Machine Learning Engineer, ML Runtime & Optimization
Pony.ai
Founded in 2016 in Silicon Valley, Pony.ai has quickly become a global leader in autonomous mobility and is a pioneer in extending autonomous mobility technologies and services at a rapidly expanding footprint of sites around the world. Operating Robotaxi, Robotruck and Personally Owned Vehicles (POV) business units, Pony.ai is an industry leader in the commercialization of autonomous driving and is committed to developing the safest autonomous driving capabilities on a global scale. Pony.ai’s leading position has been recognized, with CNBC ranking Pony.ai #10 on its CNBC Disruptor list of the 50 most innovative and disruptive tech companies of 2022. In June 2023, Pony.ai was recognized on the XPRIZE and Bessemer Venture Partners inaugural “XB100” 2023 list of the world’s top 100 private deep tech companies, ranking #12 globally. As of August 2023, Pony.ai has accumulated nearly 21 million miles of autonomous driving globally.

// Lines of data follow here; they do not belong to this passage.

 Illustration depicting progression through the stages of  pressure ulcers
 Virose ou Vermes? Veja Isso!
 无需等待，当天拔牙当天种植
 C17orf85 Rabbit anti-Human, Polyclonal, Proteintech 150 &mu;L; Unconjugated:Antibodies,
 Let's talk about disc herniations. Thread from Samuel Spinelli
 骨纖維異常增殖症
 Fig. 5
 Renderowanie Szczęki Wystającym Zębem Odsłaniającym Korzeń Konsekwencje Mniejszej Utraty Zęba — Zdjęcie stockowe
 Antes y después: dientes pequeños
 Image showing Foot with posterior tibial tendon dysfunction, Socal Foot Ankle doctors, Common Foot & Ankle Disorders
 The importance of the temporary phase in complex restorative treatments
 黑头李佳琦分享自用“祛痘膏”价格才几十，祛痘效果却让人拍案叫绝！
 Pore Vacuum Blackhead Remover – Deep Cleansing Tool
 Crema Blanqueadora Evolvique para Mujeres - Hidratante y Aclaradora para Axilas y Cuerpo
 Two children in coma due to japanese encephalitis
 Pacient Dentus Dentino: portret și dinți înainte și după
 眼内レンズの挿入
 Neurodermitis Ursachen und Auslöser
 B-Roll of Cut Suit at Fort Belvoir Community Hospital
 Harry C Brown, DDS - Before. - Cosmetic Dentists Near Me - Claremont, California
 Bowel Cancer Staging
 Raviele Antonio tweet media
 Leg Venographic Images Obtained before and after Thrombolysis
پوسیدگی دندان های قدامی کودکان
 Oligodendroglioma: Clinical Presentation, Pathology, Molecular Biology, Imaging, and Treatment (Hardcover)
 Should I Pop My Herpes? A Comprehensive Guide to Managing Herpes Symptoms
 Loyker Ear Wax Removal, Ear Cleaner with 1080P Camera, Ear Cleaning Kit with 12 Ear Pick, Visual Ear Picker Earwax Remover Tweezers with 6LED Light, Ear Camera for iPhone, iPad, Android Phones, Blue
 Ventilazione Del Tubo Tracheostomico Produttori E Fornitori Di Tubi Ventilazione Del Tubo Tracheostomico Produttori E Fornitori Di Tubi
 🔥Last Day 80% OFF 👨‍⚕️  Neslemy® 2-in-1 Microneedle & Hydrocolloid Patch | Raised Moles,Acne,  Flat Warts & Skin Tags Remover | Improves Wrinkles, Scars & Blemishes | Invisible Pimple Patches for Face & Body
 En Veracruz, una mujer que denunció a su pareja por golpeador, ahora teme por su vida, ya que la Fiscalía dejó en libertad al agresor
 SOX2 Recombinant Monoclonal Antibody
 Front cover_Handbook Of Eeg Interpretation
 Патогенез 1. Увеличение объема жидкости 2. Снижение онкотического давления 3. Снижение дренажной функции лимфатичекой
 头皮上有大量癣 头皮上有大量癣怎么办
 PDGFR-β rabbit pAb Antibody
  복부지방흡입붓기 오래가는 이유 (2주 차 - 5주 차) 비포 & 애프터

Pony.ai went public at NASDAQ in Nov. 2024.
Responsibility
The ML Infrastructure team at Pony.ai provides a set of tools to support and automate the lifecycle of the AI workflow, including model development, evaluation, optimization, deployment, and monitoring.
As a Machine Learning Engineer in ML Runtime & Optimization, you will be developing technologies to accelerate the training and inferences of the AI models in autonomous driving systems.
This includes:
- Identifying key applications for current and future autonomous driving problems and performing in-depth analysis and optimization to ensure the best possible performance on current and next-generation compute architectures.
- Collaborating closely with diverse groups in Pony.ai including both hardware and software to optimize and craft core parallel algorithms as well as to influence the next-generation compute platform architecture design and software infrastructure.
- Apply model optimization and efficient deep learning techniques to models and optimized ML operator libraries.
- Work across the entire ML framework/compiler stack (e.g.Torch, CUDA and TensorRT), and system-efficient deep learning models.